──────── Materials provided

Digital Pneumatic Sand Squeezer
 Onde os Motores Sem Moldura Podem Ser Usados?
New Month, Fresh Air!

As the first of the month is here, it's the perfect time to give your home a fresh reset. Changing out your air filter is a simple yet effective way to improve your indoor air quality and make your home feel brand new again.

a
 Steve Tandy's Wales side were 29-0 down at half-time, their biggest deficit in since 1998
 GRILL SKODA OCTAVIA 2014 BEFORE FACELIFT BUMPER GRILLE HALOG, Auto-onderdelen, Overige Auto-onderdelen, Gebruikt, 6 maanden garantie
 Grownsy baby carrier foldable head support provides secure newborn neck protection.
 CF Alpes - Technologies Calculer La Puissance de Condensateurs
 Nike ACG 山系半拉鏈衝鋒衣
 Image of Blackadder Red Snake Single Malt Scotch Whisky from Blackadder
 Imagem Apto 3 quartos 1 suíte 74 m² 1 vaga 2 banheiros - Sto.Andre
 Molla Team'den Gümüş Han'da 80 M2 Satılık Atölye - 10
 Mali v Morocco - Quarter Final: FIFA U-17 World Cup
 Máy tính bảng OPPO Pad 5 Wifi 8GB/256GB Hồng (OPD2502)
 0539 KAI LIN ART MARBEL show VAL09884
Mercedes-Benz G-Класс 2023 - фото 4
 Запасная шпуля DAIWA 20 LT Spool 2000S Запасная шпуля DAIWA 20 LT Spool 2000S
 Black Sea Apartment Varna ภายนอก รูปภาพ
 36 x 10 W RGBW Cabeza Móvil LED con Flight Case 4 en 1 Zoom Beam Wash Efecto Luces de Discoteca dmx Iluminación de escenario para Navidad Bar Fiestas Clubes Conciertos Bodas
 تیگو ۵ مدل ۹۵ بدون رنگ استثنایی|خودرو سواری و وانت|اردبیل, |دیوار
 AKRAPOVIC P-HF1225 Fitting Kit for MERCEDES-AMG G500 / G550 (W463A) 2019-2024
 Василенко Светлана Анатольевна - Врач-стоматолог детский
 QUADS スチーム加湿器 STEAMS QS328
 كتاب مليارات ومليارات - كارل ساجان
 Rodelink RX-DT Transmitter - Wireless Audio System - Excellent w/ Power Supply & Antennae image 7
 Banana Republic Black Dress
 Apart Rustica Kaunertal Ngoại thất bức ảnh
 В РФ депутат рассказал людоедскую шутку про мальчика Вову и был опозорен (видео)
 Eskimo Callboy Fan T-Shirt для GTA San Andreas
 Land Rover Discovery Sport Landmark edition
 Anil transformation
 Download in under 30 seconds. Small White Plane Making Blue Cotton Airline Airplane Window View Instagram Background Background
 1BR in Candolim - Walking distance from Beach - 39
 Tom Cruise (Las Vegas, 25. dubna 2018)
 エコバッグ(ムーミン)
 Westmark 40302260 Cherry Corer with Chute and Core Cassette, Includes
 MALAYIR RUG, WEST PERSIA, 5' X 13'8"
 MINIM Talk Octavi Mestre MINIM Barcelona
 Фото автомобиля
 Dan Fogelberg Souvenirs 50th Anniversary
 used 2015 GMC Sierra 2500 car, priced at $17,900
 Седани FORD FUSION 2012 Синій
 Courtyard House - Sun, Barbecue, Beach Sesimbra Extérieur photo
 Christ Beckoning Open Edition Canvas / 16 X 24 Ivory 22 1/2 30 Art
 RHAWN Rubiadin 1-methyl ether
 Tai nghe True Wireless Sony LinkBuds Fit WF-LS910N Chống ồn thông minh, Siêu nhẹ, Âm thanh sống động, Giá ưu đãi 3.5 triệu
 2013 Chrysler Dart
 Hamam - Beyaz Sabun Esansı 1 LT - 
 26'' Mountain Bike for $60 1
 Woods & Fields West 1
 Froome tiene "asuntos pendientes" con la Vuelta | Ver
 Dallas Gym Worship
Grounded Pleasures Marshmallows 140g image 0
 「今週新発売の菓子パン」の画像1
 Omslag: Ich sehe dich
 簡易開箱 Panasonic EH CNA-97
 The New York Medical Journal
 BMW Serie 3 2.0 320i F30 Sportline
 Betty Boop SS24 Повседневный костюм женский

────────────────

Task brief » Using the records above, write out exactly the lines from the one containing "Download in under" through the last, and add nothing.

Written answer »
 Download in under 30 seconds. Small White Plane Making Blue Cotton Airline Airplane Window View Instagram Background Background
 1BR in Candolim - Walking distance from Beach - 39
 Tom Cruise (Las Vegas, 25. dubna 2018)
 エコバッグ(ムーミン)
 Westmark 40302260 Cherry Corer with Chute and Core Cassette, Includes
 MALAYIR RUG, WEST PERSIA, 5' X 13'8"
 MINIM Talk Octavi Mestre MINIM Barcelona
 Фото автомобиля
 Dan Fogelberg Souvenirs 50th Anniversary
 used 2015 GMC Sierra 2500 car, priced at $17,900
 Седани FORD FUSION 2012 Синій
 Courtyard House - Sun, Barbecue, Beach Sesimbra Extérieur photo
 Christ Beckoning Open Edition Canvas / 16 X 24 Ivory 22 1/2 30 Art
 RHAWN Rubiadin 1-methyl ether
 Tai nghe True Wireless Sony LinkBuds Fit WF-LS910N Chống ồn thông minh, Siêu nhẹ, Âm thanh sống động, Giá ưu đãi 3.5 triệu
 2013 Chrysler Dart
 Hamam - Beyaz Sabun Esansı 1 LT - 
 26'' Mountain Bike for $60 1
 Woods & Fields West 1
 Froome tiene "asuntos pendientes" con la Vuelta | Ver
 Dallas Gym Worship
Grounded Pleasures Marshmallows 140g image 0
 「今週新発売の菓子パン」の画像1
 Omslag: Ich sehe dich
 簡易開箱 Panasonic EH CNA-97
 The New York Medical Journal
 BMW Serie 3 2.0 320i F30 Sportline
 Betty Boop SS24 Повседневный костюм женский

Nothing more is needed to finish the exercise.